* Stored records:
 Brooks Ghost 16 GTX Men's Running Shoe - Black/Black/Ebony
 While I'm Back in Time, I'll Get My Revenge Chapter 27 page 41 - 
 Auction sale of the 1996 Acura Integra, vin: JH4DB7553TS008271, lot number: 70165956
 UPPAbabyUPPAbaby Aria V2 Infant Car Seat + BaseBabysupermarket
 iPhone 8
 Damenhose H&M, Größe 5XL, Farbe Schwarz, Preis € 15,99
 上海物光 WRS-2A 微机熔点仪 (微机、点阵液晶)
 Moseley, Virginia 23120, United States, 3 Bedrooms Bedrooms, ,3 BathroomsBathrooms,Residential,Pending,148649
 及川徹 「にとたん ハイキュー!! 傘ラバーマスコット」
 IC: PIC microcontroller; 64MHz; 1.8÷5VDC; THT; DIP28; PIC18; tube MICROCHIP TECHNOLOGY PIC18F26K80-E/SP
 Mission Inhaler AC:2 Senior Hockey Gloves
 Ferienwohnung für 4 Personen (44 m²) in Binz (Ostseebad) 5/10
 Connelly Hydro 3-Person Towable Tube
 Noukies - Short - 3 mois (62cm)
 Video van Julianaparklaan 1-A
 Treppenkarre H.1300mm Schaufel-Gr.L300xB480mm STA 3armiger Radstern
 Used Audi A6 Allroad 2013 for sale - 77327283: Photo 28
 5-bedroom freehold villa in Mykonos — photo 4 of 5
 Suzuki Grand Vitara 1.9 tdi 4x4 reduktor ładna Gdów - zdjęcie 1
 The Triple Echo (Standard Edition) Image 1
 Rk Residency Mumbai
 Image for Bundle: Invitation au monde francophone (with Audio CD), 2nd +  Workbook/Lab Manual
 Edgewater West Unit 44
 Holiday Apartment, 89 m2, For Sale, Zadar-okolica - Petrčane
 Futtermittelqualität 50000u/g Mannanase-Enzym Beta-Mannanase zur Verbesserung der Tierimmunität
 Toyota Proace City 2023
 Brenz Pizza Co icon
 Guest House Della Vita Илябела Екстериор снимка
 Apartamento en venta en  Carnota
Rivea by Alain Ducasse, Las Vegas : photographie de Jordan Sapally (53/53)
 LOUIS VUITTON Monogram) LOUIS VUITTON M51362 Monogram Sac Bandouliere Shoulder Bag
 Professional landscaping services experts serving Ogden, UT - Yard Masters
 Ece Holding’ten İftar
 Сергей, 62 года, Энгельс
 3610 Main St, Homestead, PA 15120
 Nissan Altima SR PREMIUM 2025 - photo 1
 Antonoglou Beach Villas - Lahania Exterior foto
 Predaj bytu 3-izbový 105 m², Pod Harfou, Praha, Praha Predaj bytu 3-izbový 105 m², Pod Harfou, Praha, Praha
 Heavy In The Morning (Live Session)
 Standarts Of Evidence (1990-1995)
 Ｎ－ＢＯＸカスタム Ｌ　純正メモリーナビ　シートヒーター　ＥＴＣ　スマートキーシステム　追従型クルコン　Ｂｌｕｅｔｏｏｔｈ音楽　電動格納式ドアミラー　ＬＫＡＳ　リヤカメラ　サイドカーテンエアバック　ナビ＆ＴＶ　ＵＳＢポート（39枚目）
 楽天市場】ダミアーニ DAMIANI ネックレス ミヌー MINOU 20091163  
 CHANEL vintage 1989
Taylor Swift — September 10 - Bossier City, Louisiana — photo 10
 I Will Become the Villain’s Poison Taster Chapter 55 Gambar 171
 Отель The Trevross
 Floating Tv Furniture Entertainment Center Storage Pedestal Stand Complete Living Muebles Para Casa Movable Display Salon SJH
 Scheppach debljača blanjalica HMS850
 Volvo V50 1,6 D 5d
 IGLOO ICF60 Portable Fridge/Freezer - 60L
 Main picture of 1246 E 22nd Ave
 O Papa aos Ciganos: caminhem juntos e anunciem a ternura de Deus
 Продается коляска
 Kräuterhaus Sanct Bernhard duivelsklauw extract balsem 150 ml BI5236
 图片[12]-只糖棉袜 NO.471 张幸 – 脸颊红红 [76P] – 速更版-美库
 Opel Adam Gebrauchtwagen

* YOUR TASK: Out of the entries above, write out only the lines between the line holding "IC: PIC microcontroller;" and the line holding "Video van Julianaparklaan 1-A", inclusive, each exactly as given.

* SOLVED EXERCISE:
 IC: PIC microcontroller; 64MHz; 1.8÷5VDC; THT; DIP28; PIC18; tube MICROCHIP TECHNOLOGY PIC18F26K80-E/SP
 Mission Inhaler AC:2 Senior Hockey Gloves
 Ferienwohnung für 4 Personen (44 m²) in Binz (Ostseebad) 5/10
 Connelly Hydro 3-Person Towable Tube
 Noukies - Short - 3 mois (62cm)
 Video van Julianaparklaan 1-A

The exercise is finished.